The Time Issue Involved With Social Media Marketing
Content marketing involves getting whatever content you create out before the public. Obviously if you're a writer, content involves your books, short stories, essays, poetry, etc. All marketing takes time.
But content can also be your blog posts. Blogs are valuable not just for marketing yourself in the traditional sense ("I have a new book out!" "I'll be speaking at the White House!") but for keeping an Internet presence, a public face, when you're between publications and appearances. These days blog content needs to be marketed, too. No one has time to read all the blog posts being created, so writer bloggers need to get their content out in front of the many, many people who aren't reading them already.
Since many of us blog regularly, that means marketing of this content regularly. Like, say, all the time. Lots of time. Blogs are a form of social media, anyway, and our best option for marketing individual posts is through social media. Paper publications don't do articles on blogs all that often, and we can't sit and wait for some day in the far off future when they'll choose to feature ours. So social media it is. Social media, which has that reputation for becoming way too big a part of our lives.
Spend Less Time Marketing With A Calendar
Last year, I heard Frances Caballo being interviewed on this subject on a podcast that I am embarrassed to say I lost. However, you can check out her guest post Social Media in 15 Minutes a Day for details on her plan for limiting your social media time.
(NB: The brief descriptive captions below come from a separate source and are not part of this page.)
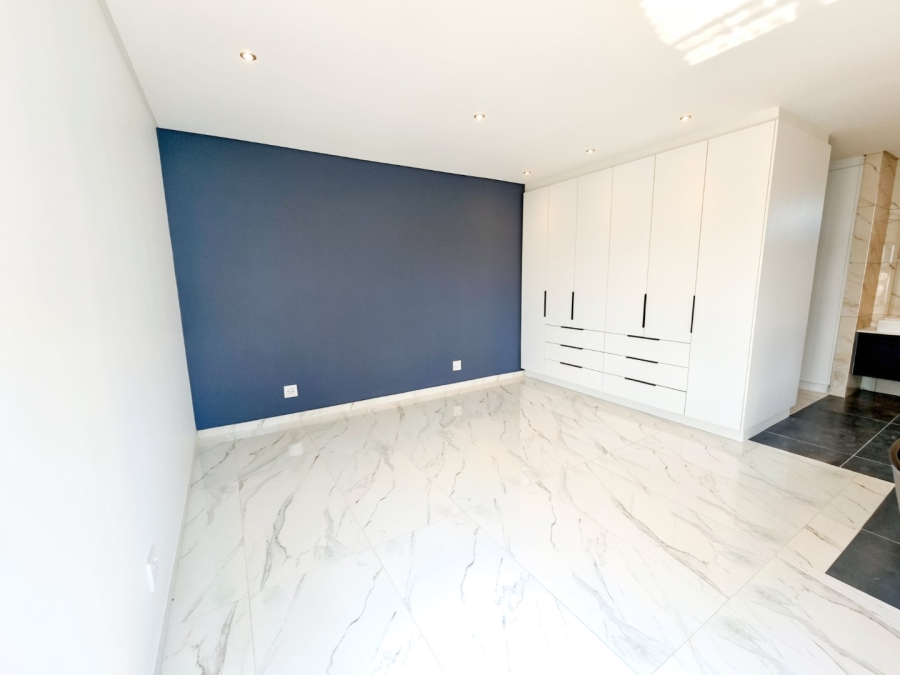 4 Bedroom Property for Sale in Sandown Western Cape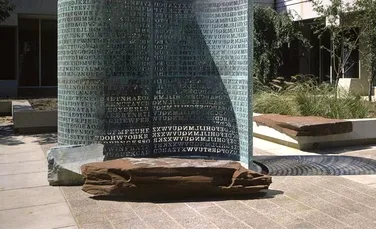 Doi jurnaliști au găsit soluția sculpturii codate Kryptos de la CIA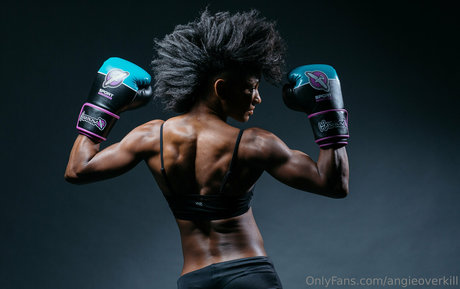 angieoverkill schöne heiße foto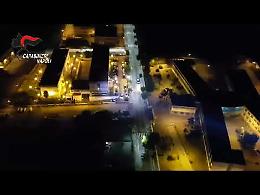 Piazze di spaccio gestite dalle donne, 24 arresti nel Napoletano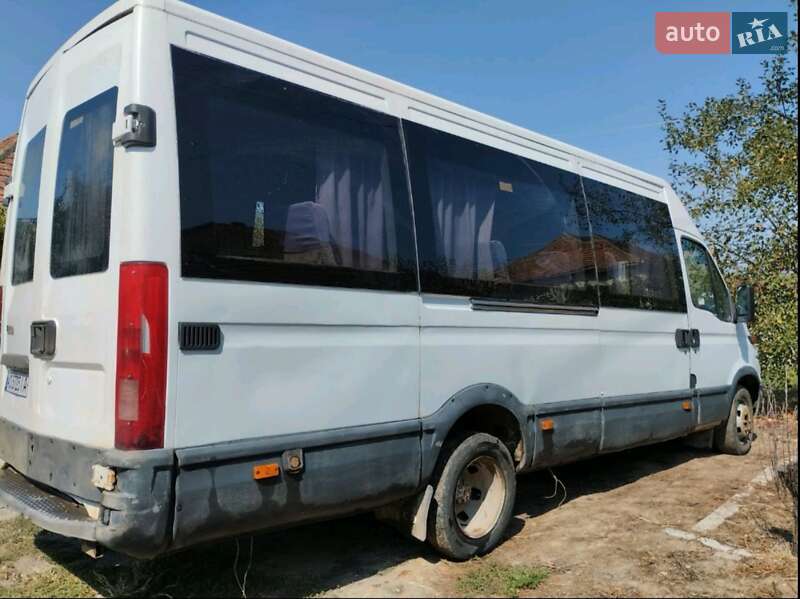 Мікроавтобус Iveco Daily 2000 в Мукачевому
What I've been doing since hearing the Caballo interview: planning a weekly calendar (of sorts) each week.
Since January, I've been formally writing it out. You've been seeing it each Friday in my Friday reports on what I've done. You may remember last week's. It was under my Community Building/General Marketing/Branding goal.
- Blackbird Fly post. Promote to Google+, community, Twitter, and Goodreads
- Book Scavenger post. Promote to Google+, community, Twitter, and Goodreads
- Blackthorn Key post. Promote to Google+, community, Twitter, and Goodreads
- Footer Davis post. Promote to Google+, community, Twitter, and Goodreads
- Listen, Slowly post. Promote to Google+, community, Twitter, and Goodreads
- Goodreads blog post
- Began collecting CCLC material for March.
- Worked on Publishers Marketplace post.
- Worked on Horn Book post.
So different posts need different target promotion. It would be difficult to do that without a calendar plan. The promotion to various sites really does take only minutes, once I know what I'm going to do. Having blog post topics on a calendar is helpful in reminding me to get them started. That is far more time consuming than the promotion, and getting them started means I can try to work on them in smaller chunks of time instead of committing a lot of time all at once to each one.
The other thing the calendar plan does is help me make sure I've hit all my spots. When it gets toward the end of the week, if I see I have a number of items on the calendar I haven't done, I start to hurry.